Todd Heisler/The New York Times

The author Lee Child makes his home in a Manhattan condominium where white predominates. 

To hear Lee Child tell it, the whole thing began well over half a century ago with a picture book.


“It was part of a series, but the only one in our library was ‘My Home in America,’ ” said Mr. Child, 58, the British-born author of nearly 20 best-selling thrillers centered on an idiosyncratic ex-military cop who answers to Jack Reacher (when he answers at all). “On each page there was a picture of a stereotypical residence like a prairie farmhouse, a California bungalow, a New England saltbox.
“But the only picture that was drawn from the inside of the house looking out was Manhattan,” Mr. Child added. “It had this apple-cheeked little boy sitting on a low windowsill looking out at the cityscape at night. And there were all the iconic buildings to anchor the message: This is New York. And I just felt, ‘I am that boy; I have to be there.’ ”
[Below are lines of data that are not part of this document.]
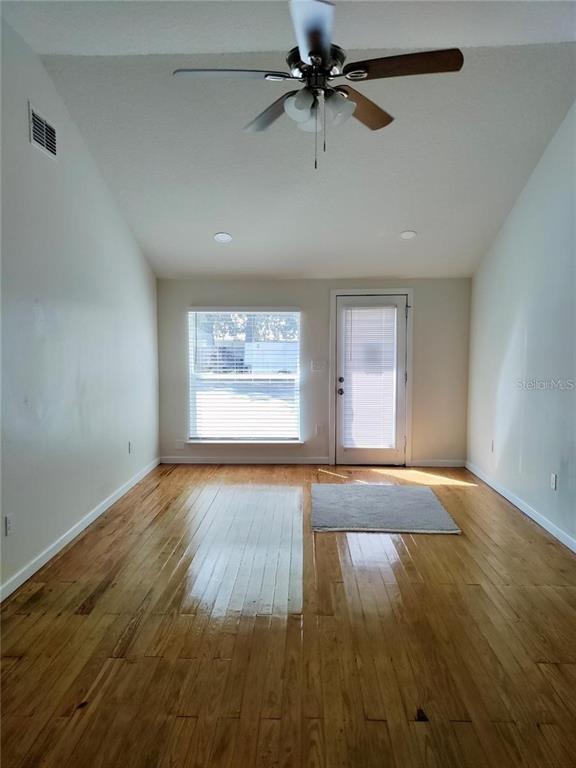 Photo - 100 S Stone St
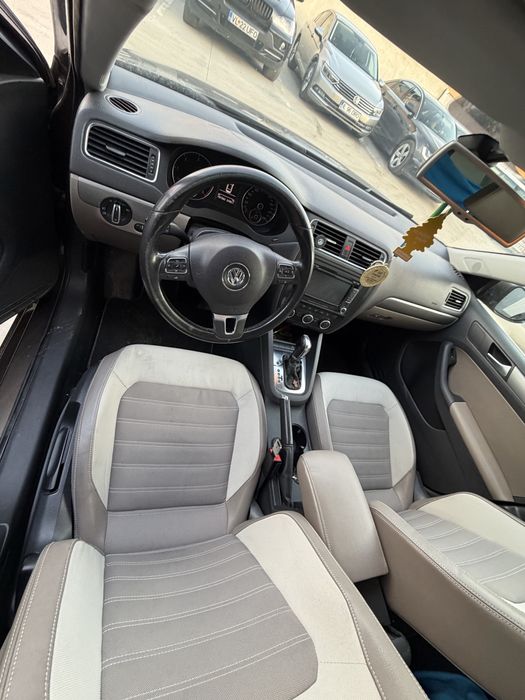 VOLKSWAGEN Jetta 2013 — imagine 4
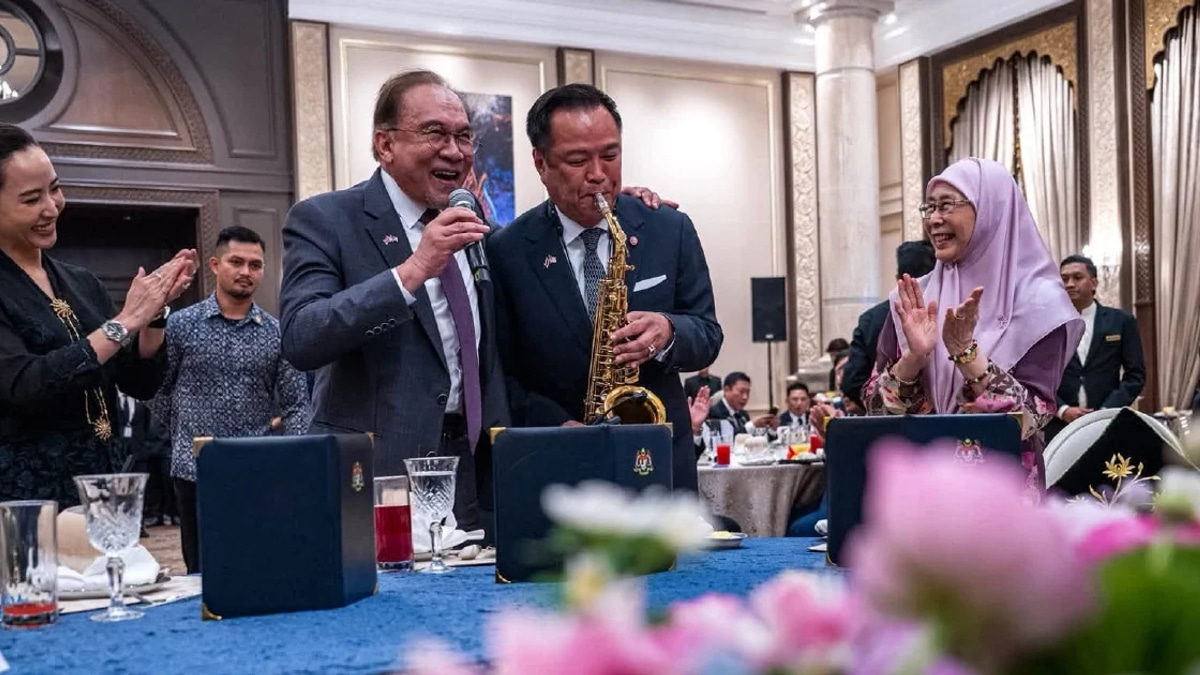 Anwar and Anutin Share Musical Moment: PM Sings 'My Way' While Thai Counterpart Plays Saxophone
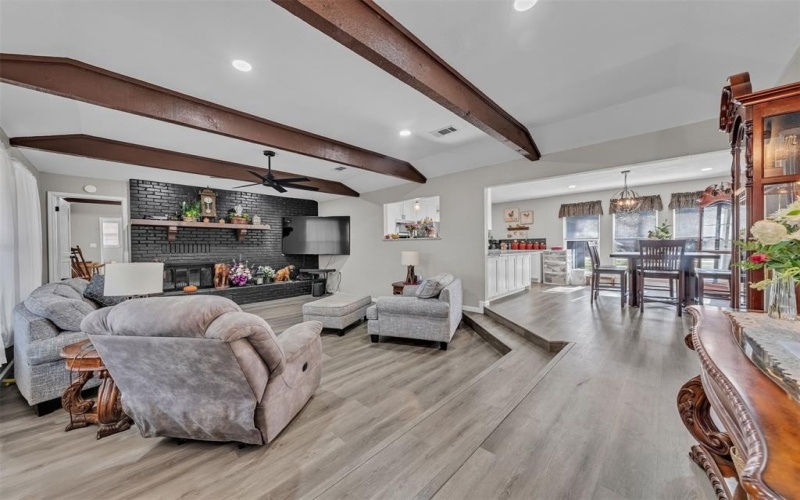 1908 Thousand Oaks Drive, Burleson, TX 76028, 5 Bedrooms Bedrooms, ,3 BathroomsBathrooms,Residential,For Sale,1908 Thousand Oaks Drive,0,21134319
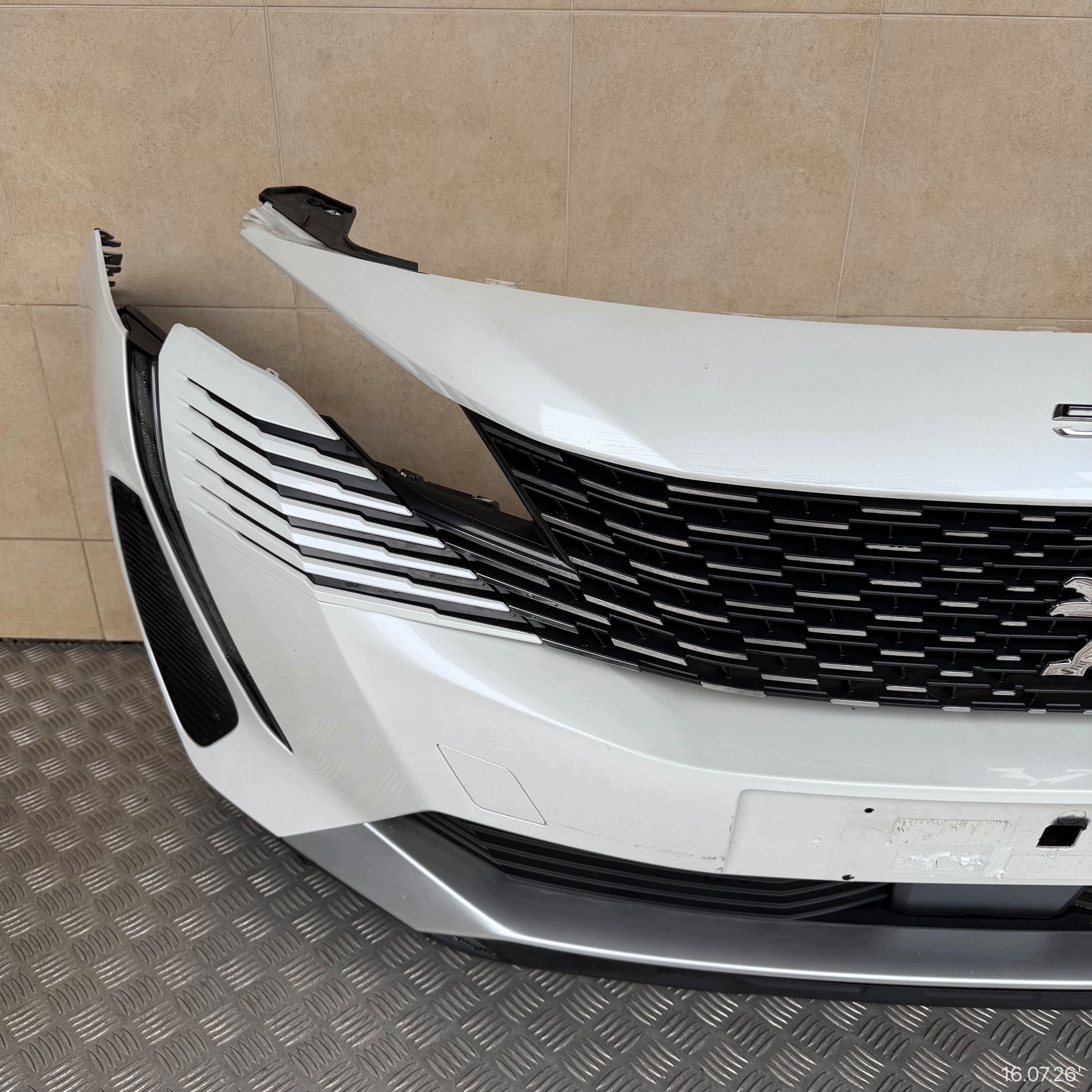 front bumper complete PEUGEOT 5008 II LIFT 2022 ROK 4 PDC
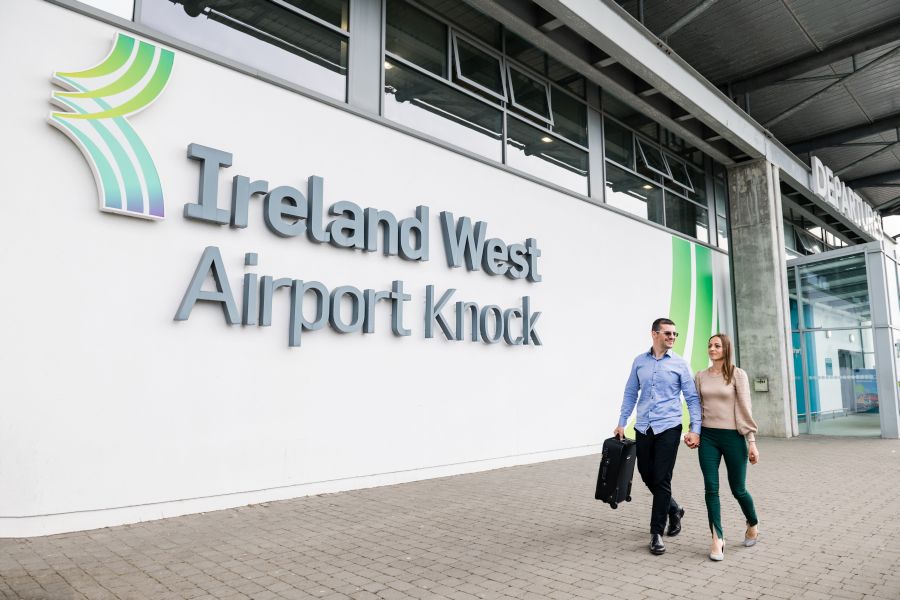 Fly Drive vanaf Groningen Airport Eelde naar Knock, Ireland West Airport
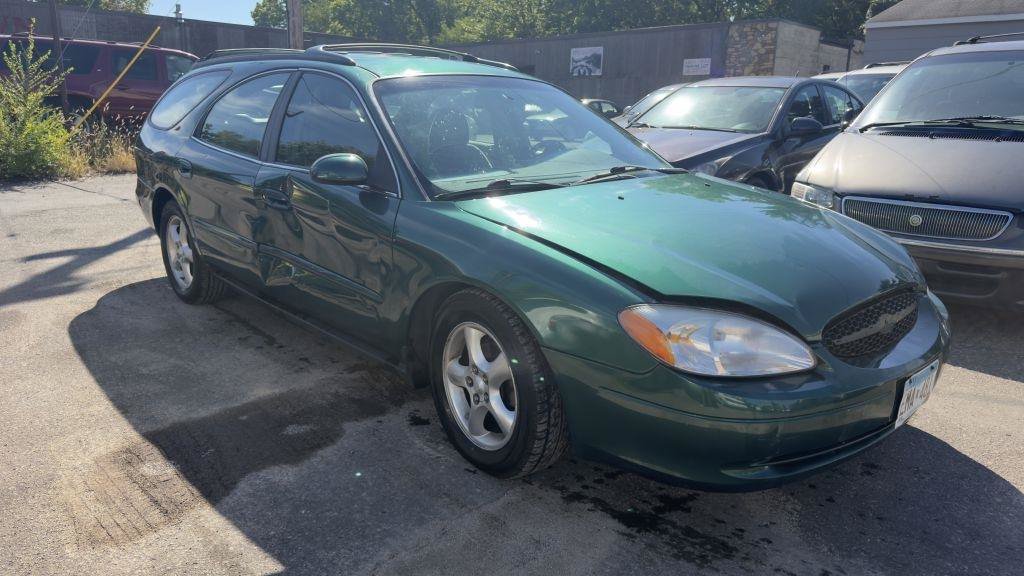 Used 2002 Ford Taurus SE FWD image 2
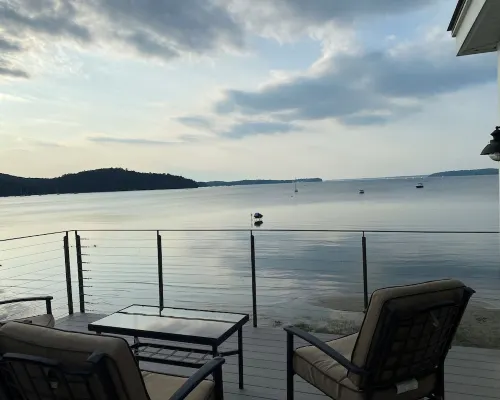 Shelburne Bay Waterfront Getaway Hotels in Shelburne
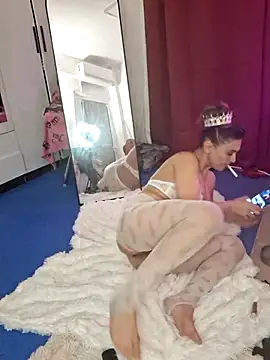 Snapshot of Your_Desires07 chatting on 5, 2, 2026 Your Desires07 online show from 5, 2, 2026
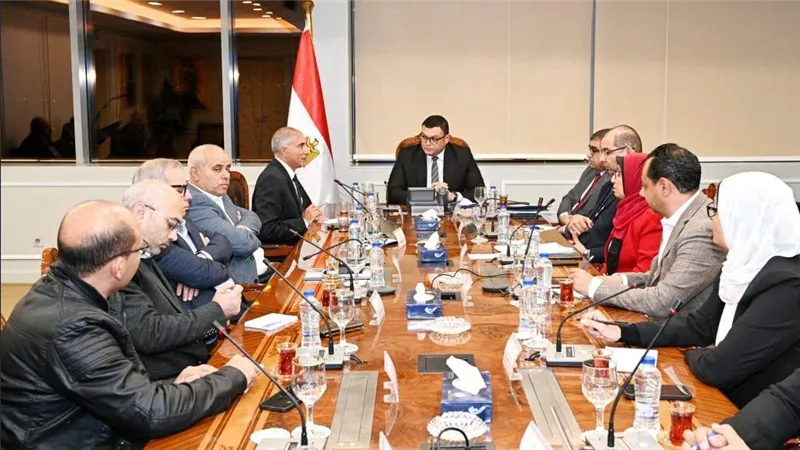 وزير الإسكان يتابع سير العمل بمدن غرب القاهرة 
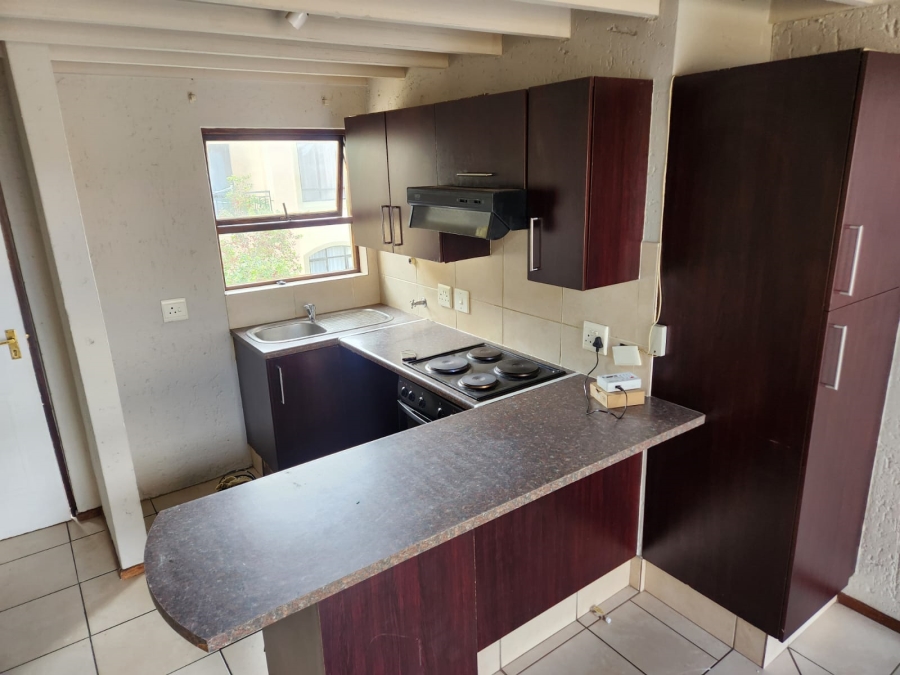 To Let 2 Bedroom Property for Rent in Lonehill Gauteng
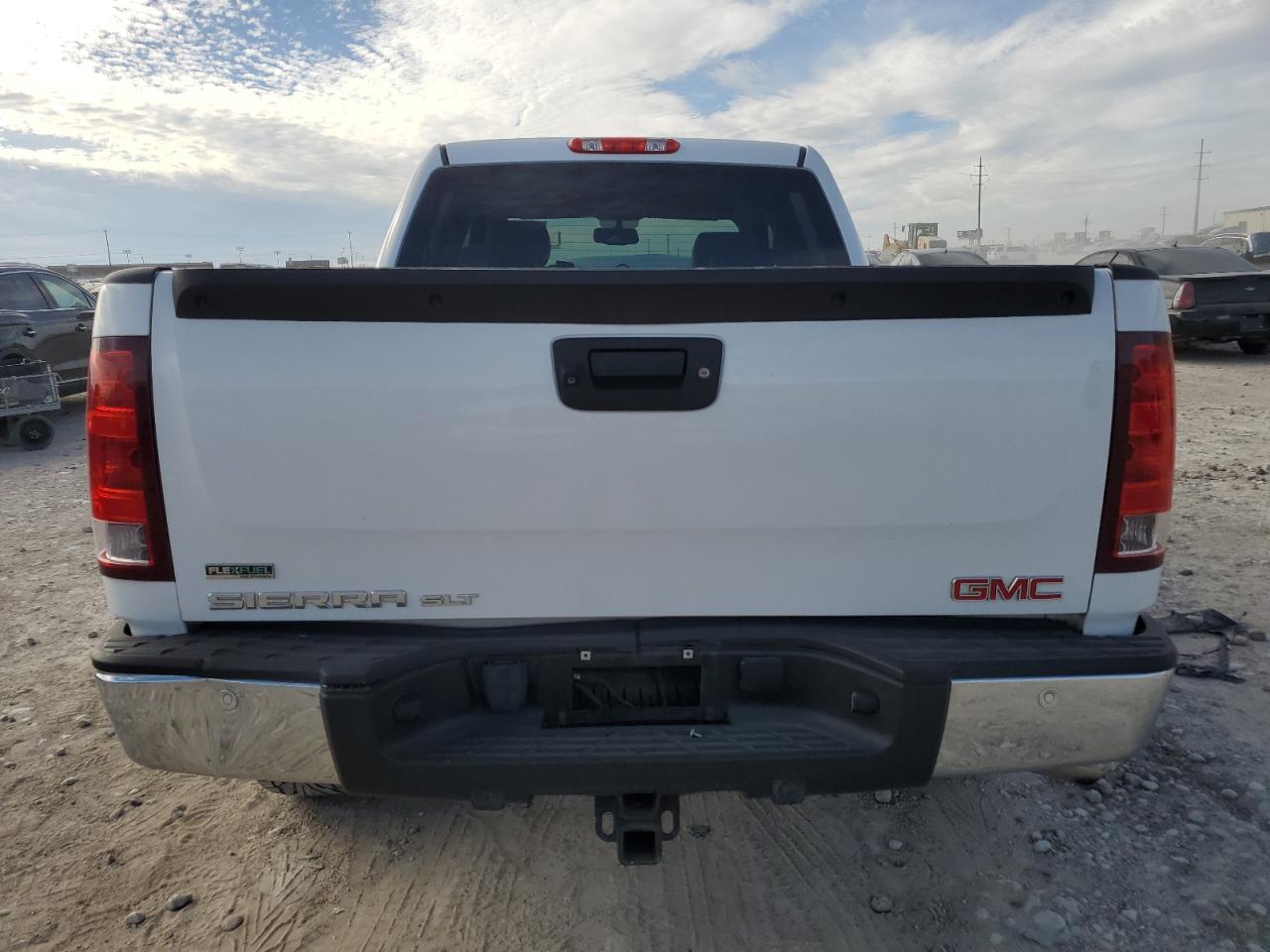 2012 GMC Sierra - Image 6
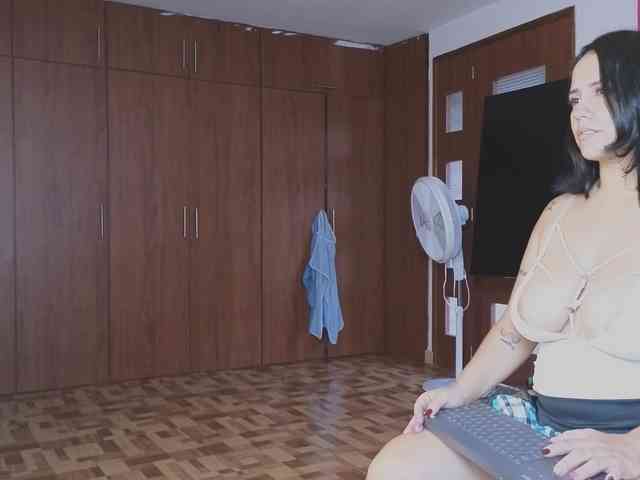 Tatiana-Blare webcam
And so he is, on the 25th floor of a condominium in the Flatiron district. From the windows that run the length of the 1,000-square-foot space — a two-bedroom apartment turned into a one-bedroom — Mr. Child can see the Empire State Building, the Chrysler Building and the Metropolitan Life Tower.

“My building is in many ways undistinguished,” he said. “It’s like a dorm. There are a lot of first-year Wall Streeters, post-graddy types around, dudes with backward baseball caps going to get their pizza. It gives the place a slightly tiresome youthful air. But all those images in that picture book — now I’m looking at them for real. I just love the view.”